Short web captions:
◆ ◆ ◆ ◆

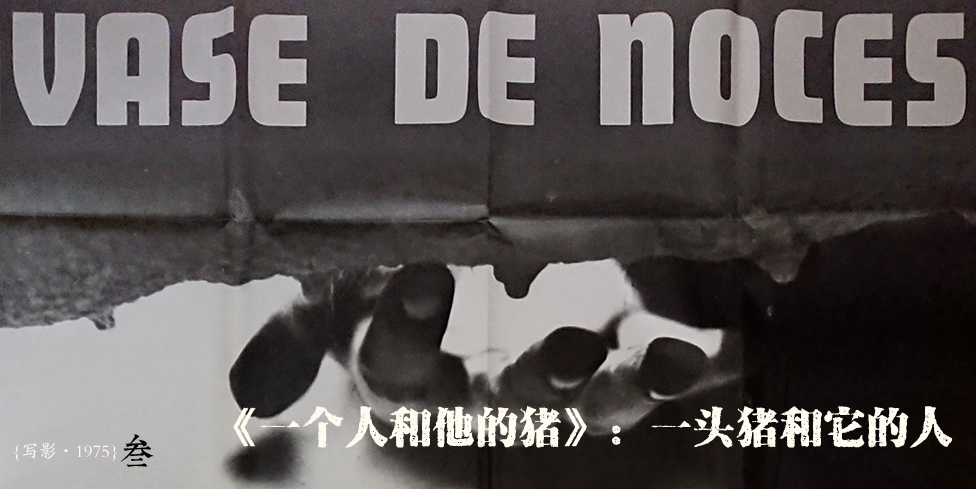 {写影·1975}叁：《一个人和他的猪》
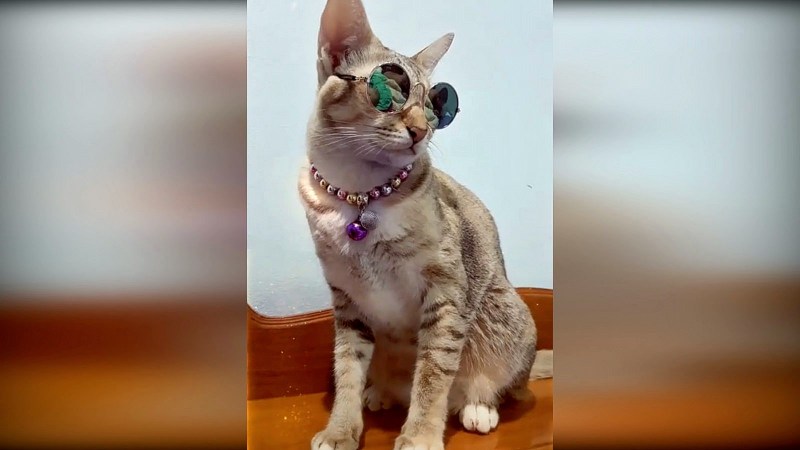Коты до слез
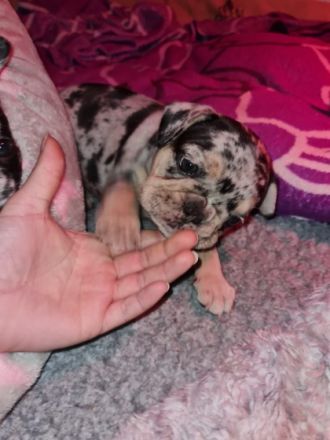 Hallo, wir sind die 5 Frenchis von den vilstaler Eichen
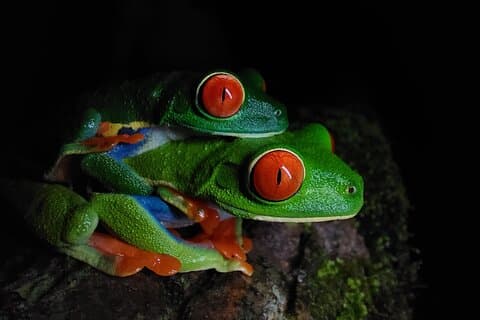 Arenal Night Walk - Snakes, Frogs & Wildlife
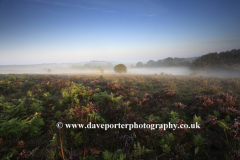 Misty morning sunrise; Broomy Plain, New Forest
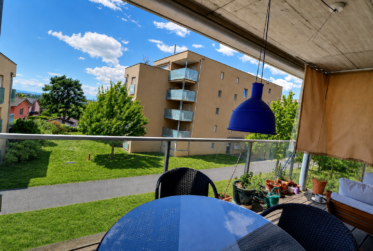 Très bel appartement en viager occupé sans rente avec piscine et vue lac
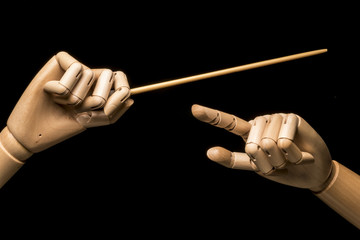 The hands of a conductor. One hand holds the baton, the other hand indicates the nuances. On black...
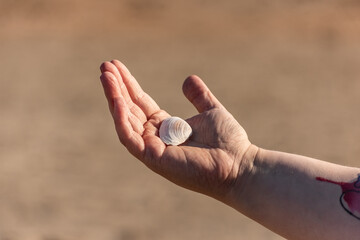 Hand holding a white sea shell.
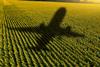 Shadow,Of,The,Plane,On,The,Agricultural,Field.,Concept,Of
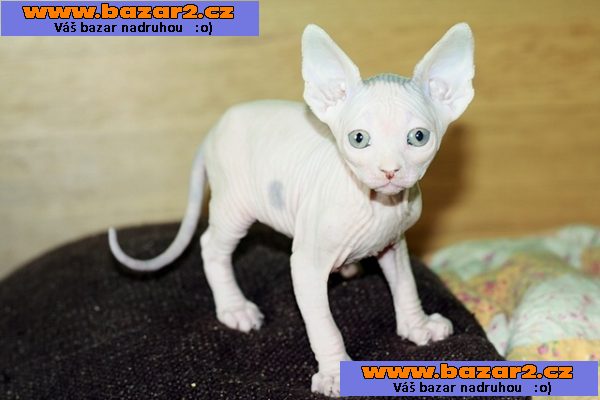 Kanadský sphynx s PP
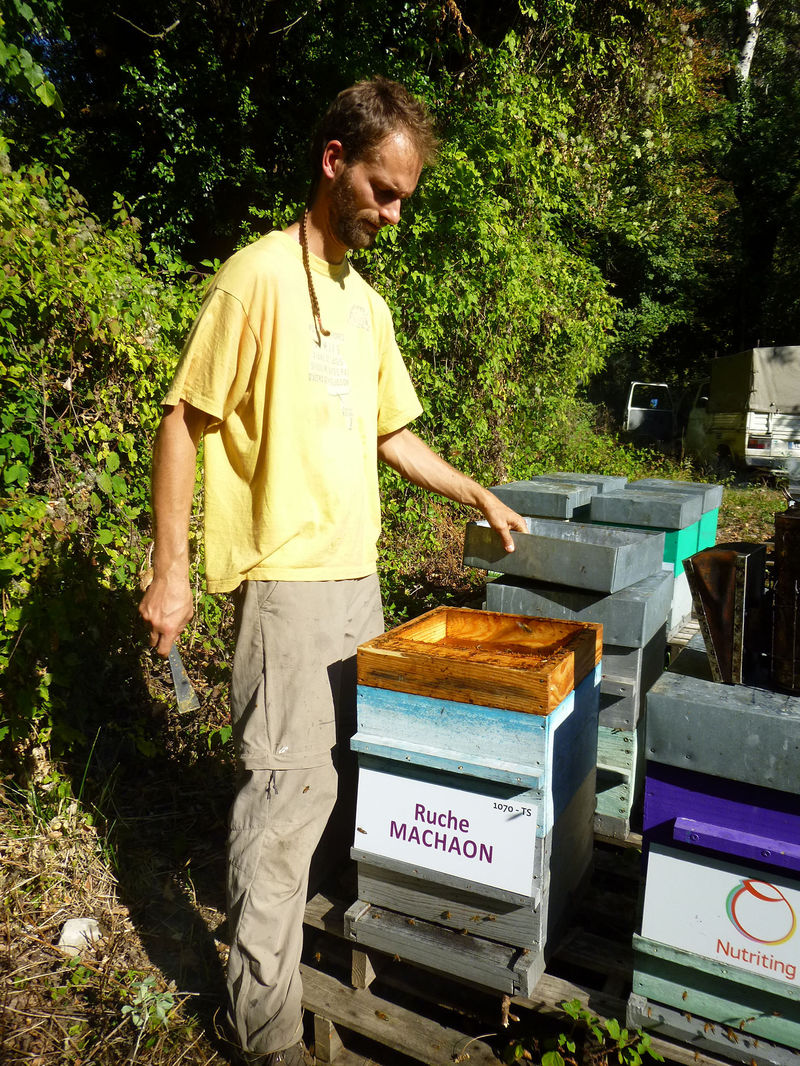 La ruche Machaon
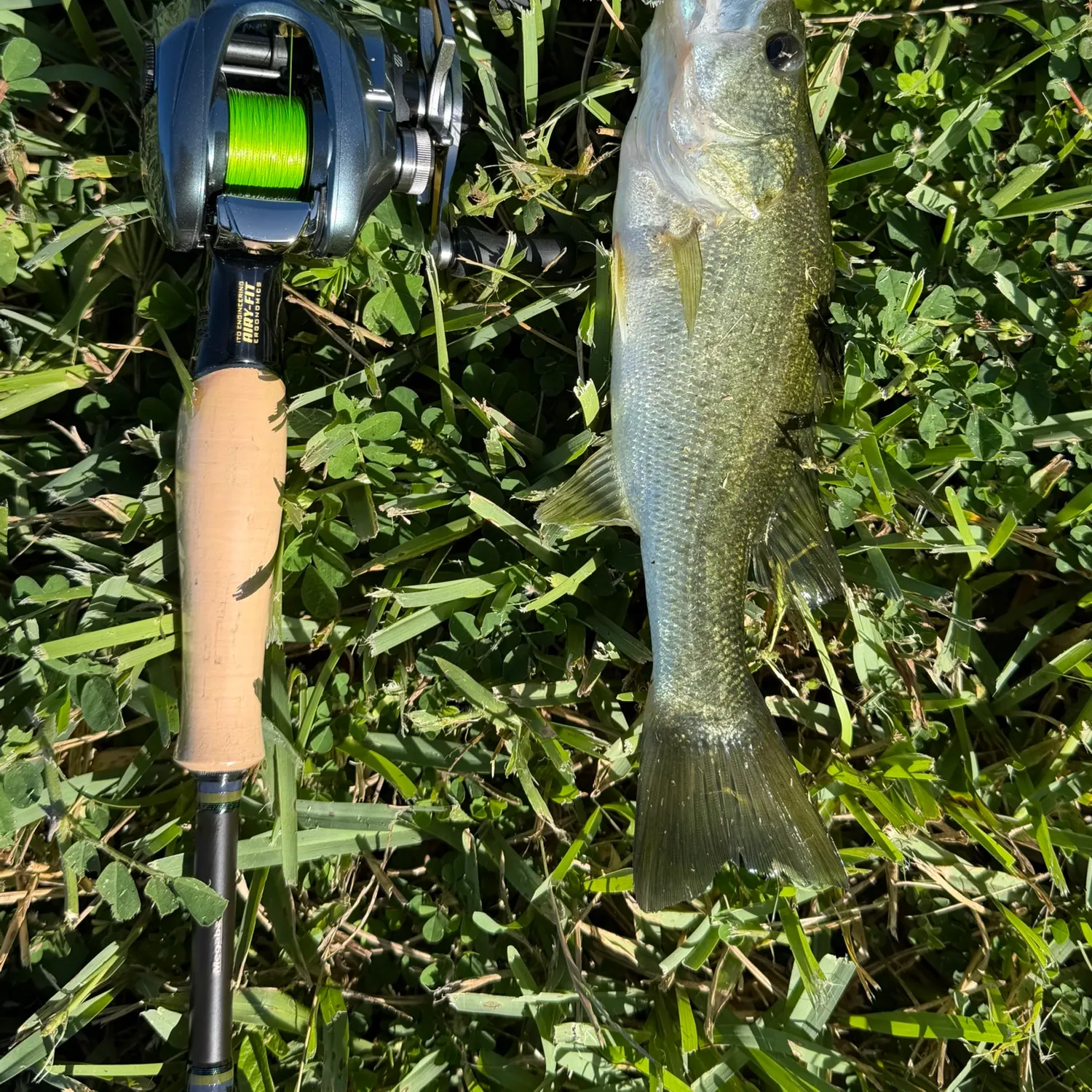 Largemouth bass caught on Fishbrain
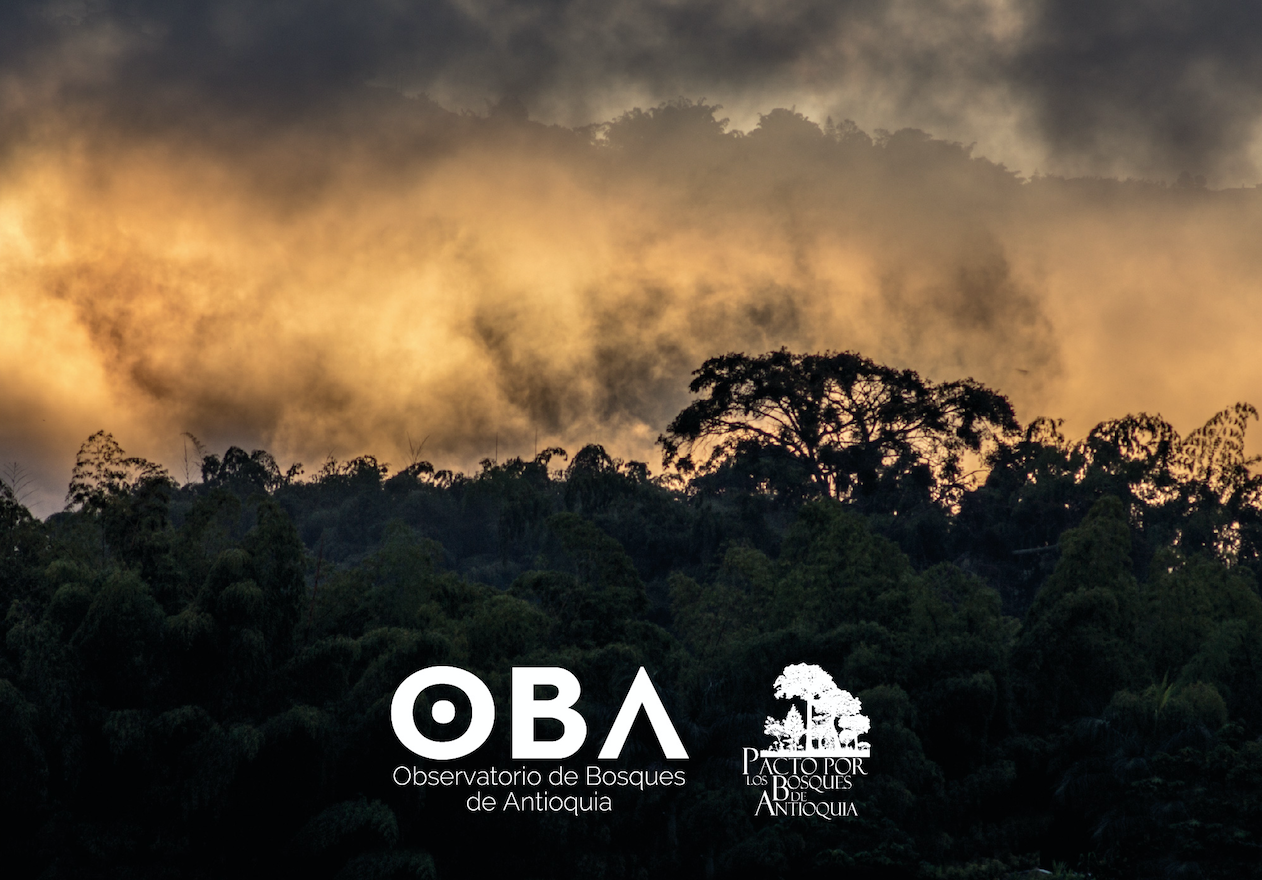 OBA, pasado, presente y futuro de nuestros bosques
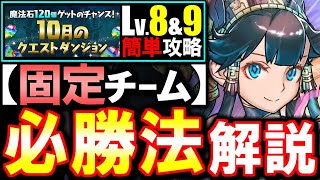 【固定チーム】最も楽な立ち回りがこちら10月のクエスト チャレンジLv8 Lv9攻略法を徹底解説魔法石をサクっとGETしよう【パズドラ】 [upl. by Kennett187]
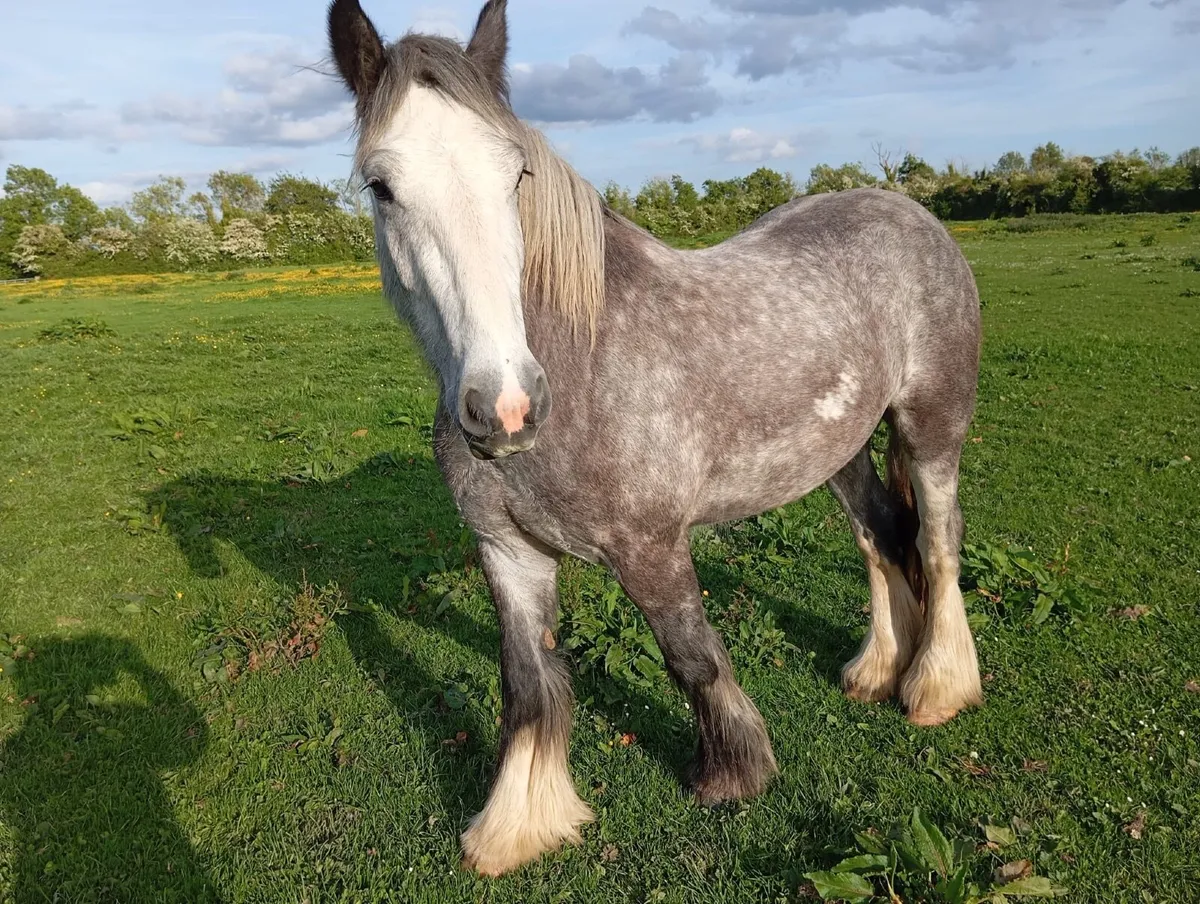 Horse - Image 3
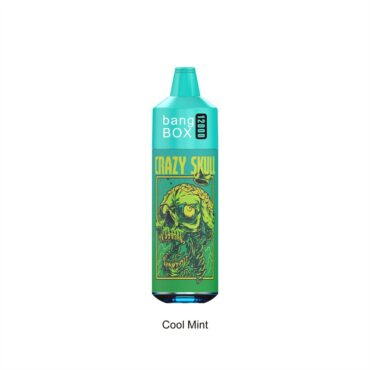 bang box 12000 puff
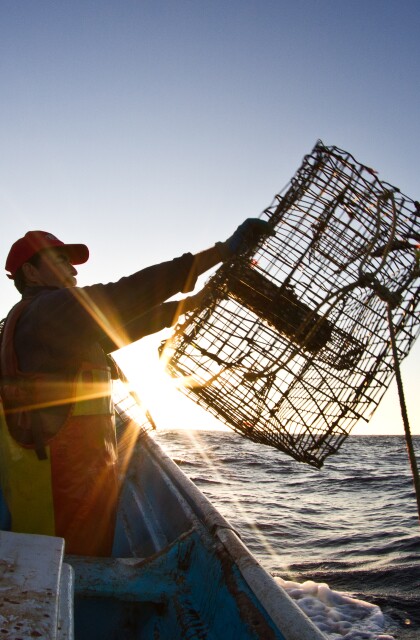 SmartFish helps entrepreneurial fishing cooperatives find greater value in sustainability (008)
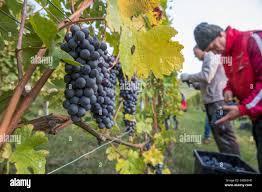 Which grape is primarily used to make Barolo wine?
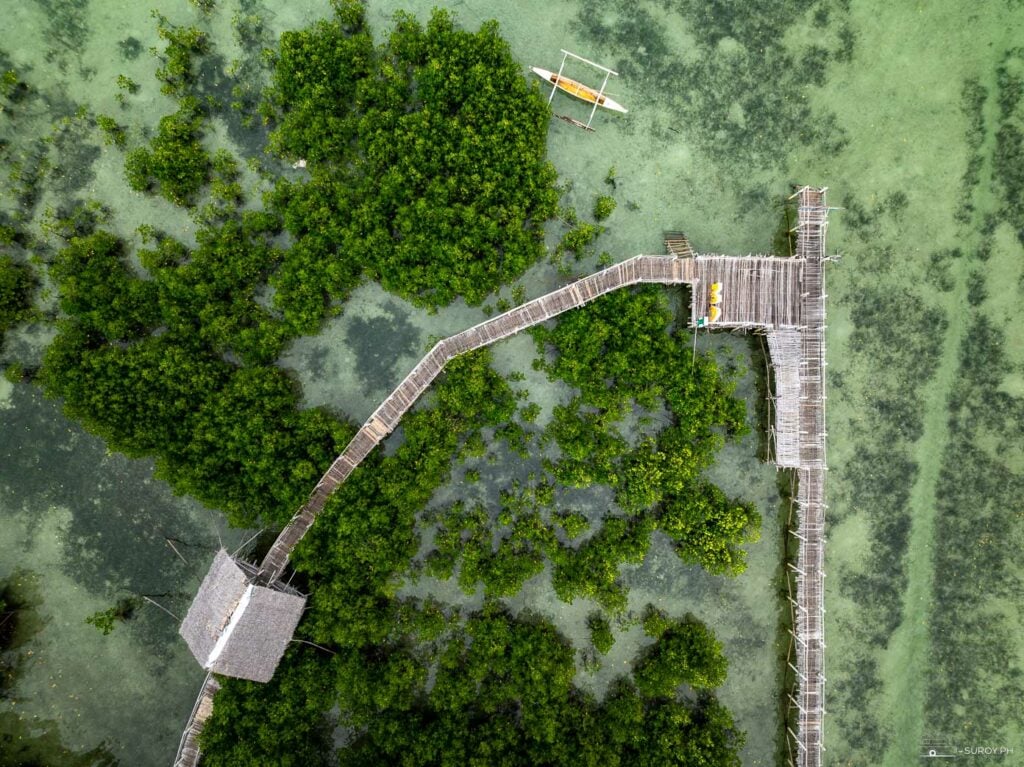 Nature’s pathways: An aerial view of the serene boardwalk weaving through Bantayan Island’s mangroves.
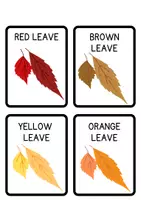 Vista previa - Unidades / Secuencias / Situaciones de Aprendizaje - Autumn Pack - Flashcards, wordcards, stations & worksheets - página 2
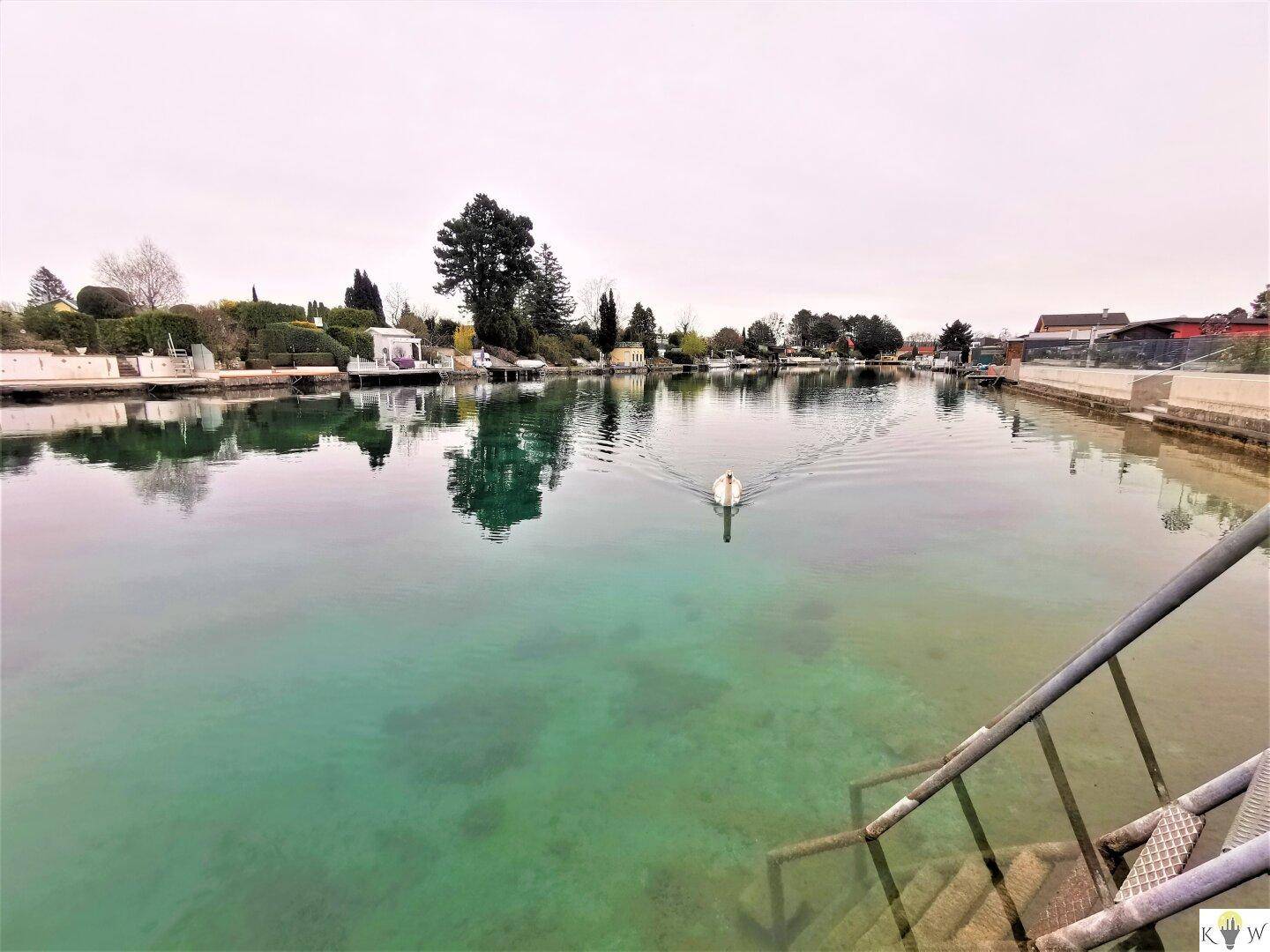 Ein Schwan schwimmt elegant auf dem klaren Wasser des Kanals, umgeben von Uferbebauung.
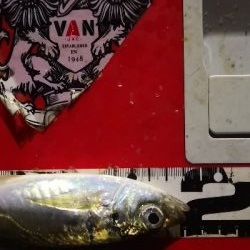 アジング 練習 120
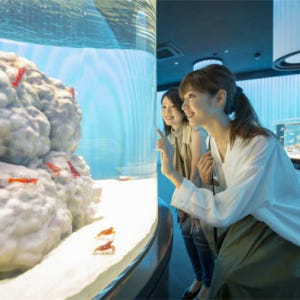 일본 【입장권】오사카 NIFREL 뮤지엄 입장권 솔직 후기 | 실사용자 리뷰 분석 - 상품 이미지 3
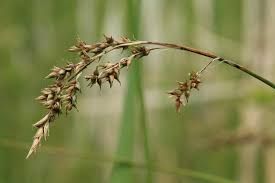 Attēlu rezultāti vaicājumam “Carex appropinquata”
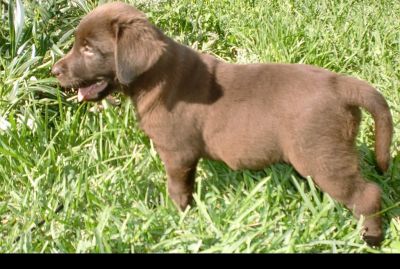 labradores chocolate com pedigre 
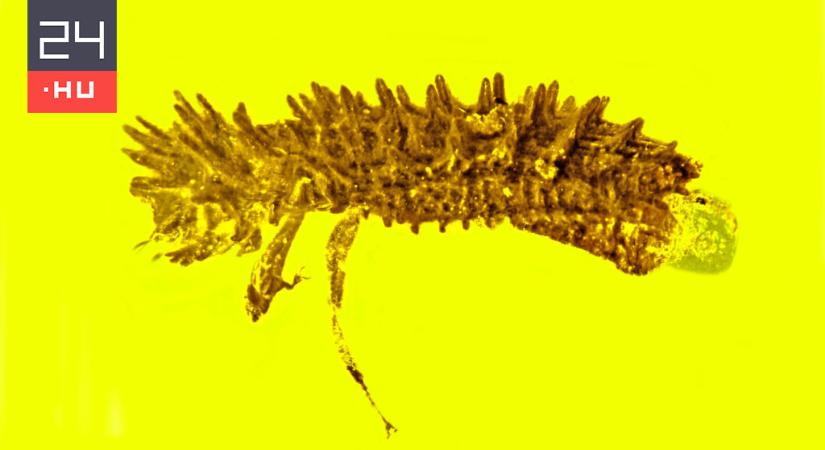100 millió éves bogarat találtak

◆ ◆ ◆ ◆

• [Task prompt]: What you need to copy is the run of lines from the one holding "Hand holding a white sea shell." through the end of the data, exactly and only, both ends included, pictures omitted.

• [Response to the task]:
 Hand holding a white sea shell.
 Shadow,Of,The,Plane,On,The,Agricultural,Field.,Concept,Of
 Kanadský sphynx s PP
 La ruche Machaon
 Largemouth bass caught on Fishbrain
 OBA, pasado, presente y futuro de nuestros bosques
 【固定チーム】最も楽な立ち回りがこちら10月のクエスト チャレンジLv8 Lv9攻略法を徹底解説魔法石をサクっとGETしよう【パズドラ】 [upl. by Kennett187]
 Horse - Image 3
 bang box 12000 puff
 SmartFish helps entrepreneurial fishing cooperatives find greater value in sustainability (008)
 Which grape is primarily used to make Barolo wine?
 Nature’s pathways: An aerial view of the serene boardwalk weaving through Bantayan Island’s mangroves.
 Vista previa - Unidades / Secuencias / Situaciones de Aprendizaje - Autumn Pack - Flashcards, wordcards, stations & worksheets - página 2
 Ein Schwan schwimmt elegant auf dem klaren Wasser des Kanals, umgeben von Uferbebauung.
 アジング 練習 120
 일본 【입장권】오사카 NIFREL 뮤지엄 입장권 솔직 후기 | 실사용자 리뷰 분석 - 상품 이미지 3
 Attēlu rezultāti vaicājumam “Carex appropinquata”
 labradores chocolate com pedigre 
100 millió éves bogarat találtak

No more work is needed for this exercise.